**INPUT MATERIAL:**

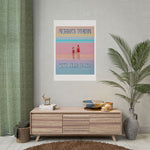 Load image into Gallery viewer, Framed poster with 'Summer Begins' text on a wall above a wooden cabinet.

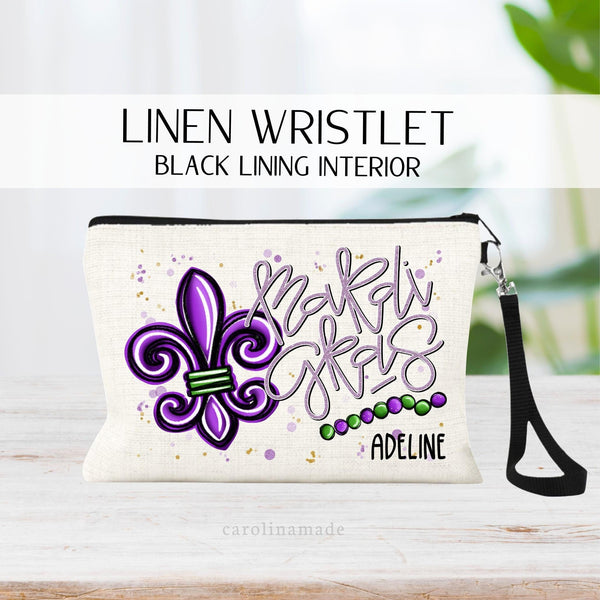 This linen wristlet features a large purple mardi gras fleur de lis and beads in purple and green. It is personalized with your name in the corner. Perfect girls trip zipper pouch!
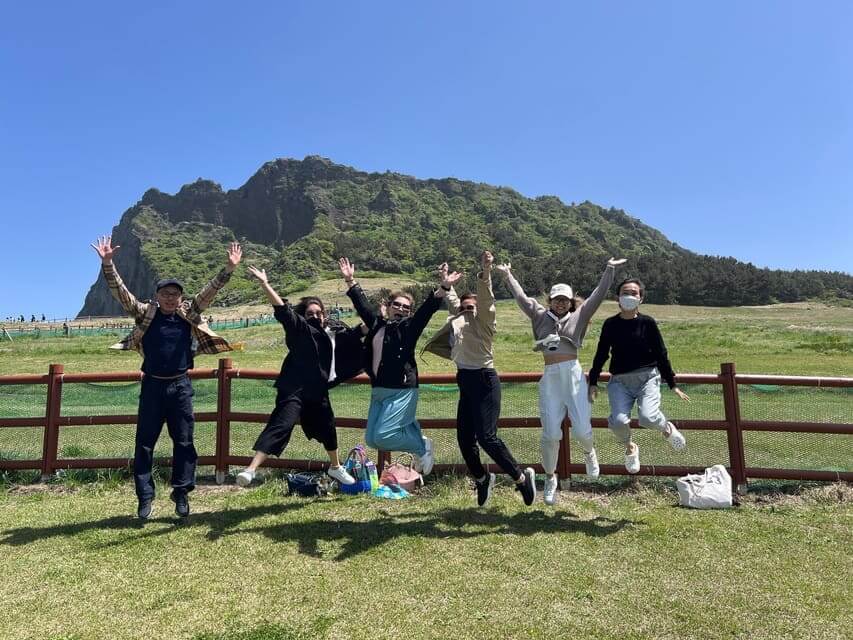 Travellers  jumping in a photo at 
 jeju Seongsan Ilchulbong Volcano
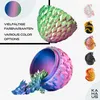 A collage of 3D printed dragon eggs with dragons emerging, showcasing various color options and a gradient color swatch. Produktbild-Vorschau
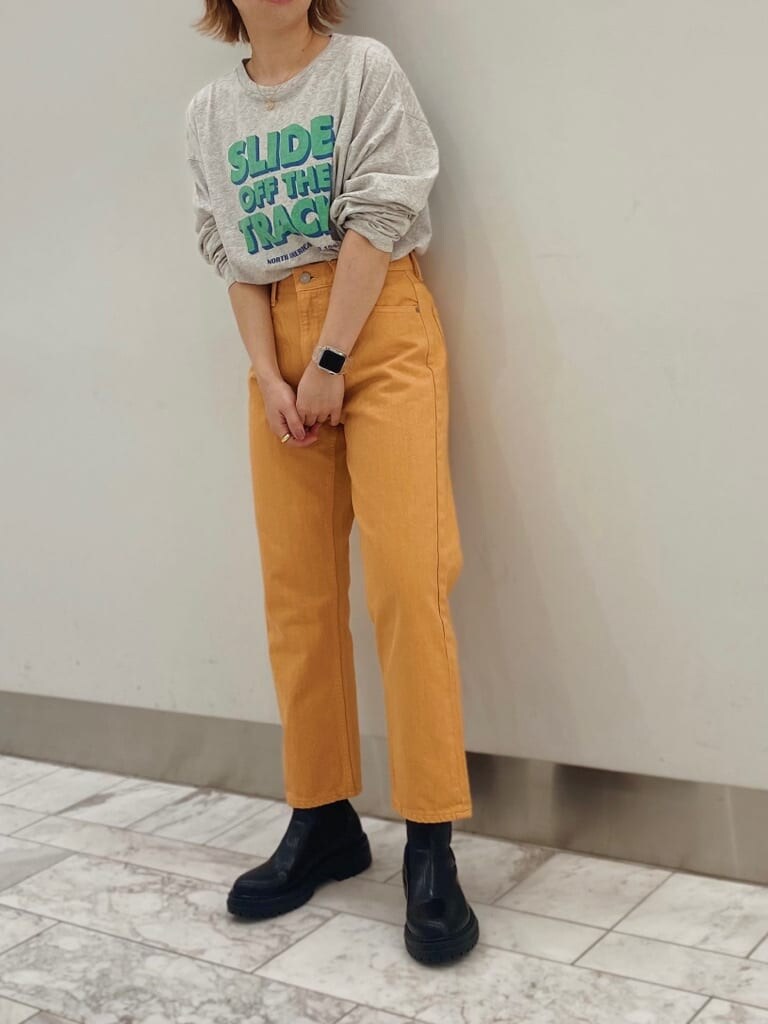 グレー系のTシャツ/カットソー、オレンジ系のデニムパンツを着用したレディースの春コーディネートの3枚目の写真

**EXERCISE INSTRUCTIONS:**
With the pictures left out, write out exactly the lines from the line containing "jeju Seongsan Ilchulbong Volcano" through the last line of the entries above, both ends included, and no others.

**TASK RESULT:**
 jeju Seongsan Ilchulbong Volcano
 A collage of 3D printed dragon eggs with dragons emerging, showcasing various color options and a gradient color swatch. Produktbild-Vorschau
 グレー系のTシャツ/カットソー、オレンジ系のデニムパンツを着用したレディースの春コーディネートの3枚目の写真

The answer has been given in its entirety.